COVID-19 and the Crisis of Higher Education: An Annotated Reading List

BY HANK REICHMAN

As the academic year comes to a close all eyes are now turned toward the Fall.  Will campuses be able to open up again?  Will all teaching remain remote or will it become hybrid?  And, heck, what about college football?  But there are even larger long-term questions.  The economic crisis engendered by the pandemic has laid bare what most faculty members have known for some time: higher education — at all levels — is not in good shape.  Now in the wake of the virus people are girding themselves for the prospect that more than a few institutions may not survive and at those which do “belt-tightening” measures will be painful.  Yet, at the same time, it will be difficult to simply continue with the same disastrous policies — endless tuition hikes; adjunctification; administrative bloat, etc. — that brought us to this precipice.  There is a growing sense that we are at a turning point, but it isn’t yet clear in which direction we will turn.

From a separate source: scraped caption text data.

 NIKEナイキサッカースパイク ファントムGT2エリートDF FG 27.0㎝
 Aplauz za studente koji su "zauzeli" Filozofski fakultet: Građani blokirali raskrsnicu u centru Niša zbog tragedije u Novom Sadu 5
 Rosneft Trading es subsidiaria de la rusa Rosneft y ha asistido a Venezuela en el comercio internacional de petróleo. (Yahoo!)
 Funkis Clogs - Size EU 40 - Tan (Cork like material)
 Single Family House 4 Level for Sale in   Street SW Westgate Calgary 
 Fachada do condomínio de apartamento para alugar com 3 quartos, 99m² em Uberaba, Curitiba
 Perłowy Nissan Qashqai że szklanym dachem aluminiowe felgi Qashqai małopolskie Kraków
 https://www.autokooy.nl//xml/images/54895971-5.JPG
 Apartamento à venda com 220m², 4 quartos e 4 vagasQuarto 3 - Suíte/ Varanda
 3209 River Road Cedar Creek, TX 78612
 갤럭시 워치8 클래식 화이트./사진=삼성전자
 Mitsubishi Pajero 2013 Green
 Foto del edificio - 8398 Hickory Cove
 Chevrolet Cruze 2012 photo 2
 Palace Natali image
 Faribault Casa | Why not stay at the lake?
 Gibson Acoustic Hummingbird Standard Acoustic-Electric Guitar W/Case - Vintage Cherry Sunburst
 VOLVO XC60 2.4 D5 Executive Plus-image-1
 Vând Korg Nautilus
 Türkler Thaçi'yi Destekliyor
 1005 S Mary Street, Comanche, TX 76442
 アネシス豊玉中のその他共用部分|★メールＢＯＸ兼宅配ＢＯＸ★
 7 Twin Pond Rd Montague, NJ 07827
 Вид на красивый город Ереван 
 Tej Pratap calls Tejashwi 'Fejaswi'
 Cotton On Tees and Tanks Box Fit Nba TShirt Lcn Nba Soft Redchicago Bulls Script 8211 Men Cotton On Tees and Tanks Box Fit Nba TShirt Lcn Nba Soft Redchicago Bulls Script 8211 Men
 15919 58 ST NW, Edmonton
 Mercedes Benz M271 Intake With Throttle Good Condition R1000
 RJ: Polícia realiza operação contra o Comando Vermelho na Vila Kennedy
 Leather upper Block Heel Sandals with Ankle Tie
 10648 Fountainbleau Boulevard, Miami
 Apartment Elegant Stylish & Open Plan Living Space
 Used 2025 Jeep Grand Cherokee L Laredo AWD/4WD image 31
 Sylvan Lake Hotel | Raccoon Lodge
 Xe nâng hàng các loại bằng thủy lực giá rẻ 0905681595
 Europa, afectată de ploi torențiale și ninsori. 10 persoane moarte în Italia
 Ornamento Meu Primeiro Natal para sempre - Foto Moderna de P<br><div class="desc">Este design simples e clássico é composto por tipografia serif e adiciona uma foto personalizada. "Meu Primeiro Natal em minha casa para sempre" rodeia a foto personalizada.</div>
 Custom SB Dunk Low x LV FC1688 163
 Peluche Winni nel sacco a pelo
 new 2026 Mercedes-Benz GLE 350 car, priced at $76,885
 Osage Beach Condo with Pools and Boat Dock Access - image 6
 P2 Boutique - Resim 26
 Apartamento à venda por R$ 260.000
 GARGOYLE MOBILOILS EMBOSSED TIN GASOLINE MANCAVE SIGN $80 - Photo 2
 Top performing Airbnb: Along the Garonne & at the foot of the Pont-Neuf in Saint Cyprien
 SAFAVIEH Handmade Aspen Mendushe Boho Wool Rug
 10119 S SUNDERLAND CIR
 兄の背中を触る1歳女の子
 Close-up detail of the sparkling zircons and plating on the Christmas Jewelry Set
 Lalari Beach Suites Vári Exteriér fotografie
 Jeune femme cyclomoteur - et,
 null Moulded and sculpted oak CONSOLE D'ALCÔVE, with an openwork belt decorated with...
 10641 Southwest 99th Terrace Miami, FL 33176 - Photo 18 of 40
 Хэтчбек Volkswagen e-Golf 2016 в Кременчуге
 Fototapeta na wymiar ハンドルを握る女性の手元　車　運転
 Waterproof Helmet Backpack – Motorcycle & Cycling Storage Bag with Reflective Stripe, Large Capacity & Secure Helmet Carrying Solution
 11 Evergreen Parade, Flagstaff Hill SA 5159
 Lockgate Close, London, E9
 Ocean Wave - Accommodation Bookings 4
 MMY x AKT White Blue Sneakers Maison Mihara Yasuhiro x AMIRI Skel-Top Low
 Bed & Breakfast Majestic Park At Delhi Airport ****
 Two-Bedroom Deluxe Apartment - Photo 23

I don’t have answers to the many questions we all have about the pandemic, higher education, and our future.  But others are taking stabs at it.  So in lieu of writing something of my own, I offer a reading list of pieces that I have found helpful, mostly because they point generally in a good direction but in a few cases because, well, they illustrate starkly the kind of flawed thinking we should avoid.  So here is my list.  Note that some articles may, alas, be behind paywalls.

1) A good place to start would be UCLA historian and academic senate chair Michael Meranze’s piece, “The University in a Moment of Intersecting Crises,” written just a couple of weeks into the lockdown on the blog that he and Chris Newfield run (the piece was also reposted to the Academe blog).  Meranze, a member of AAUP’s Committee A, concludes with the big question posed by the crisis: “are colleges and universities–and those who work in them–going to continue to see who can triumph in the struggle for private prestige?  Or are they going to work to help produce a revitalized, and international, public good?”

2) On the same blog Newfield has been publishing a series on “Our Converging Crises,” with four entries so far, that while focused to some extent on the University of California, is well worth reading by everyone — as is almost everything Chris writes.  I especially liked the third entry, “For the Recovery, We Need to Spend Like Our Lives Depended On It” (also reposted to the Academe blog), but the others are worth reading too — here, here, and here.  In addition, Newfield’s April 9 piece for the Chronicle of Higher Education, “Only Free College Can Save Us From This Crisis,” makes the strongest argument I’ve read yet for that solution, situating it in the context of the current pandemic.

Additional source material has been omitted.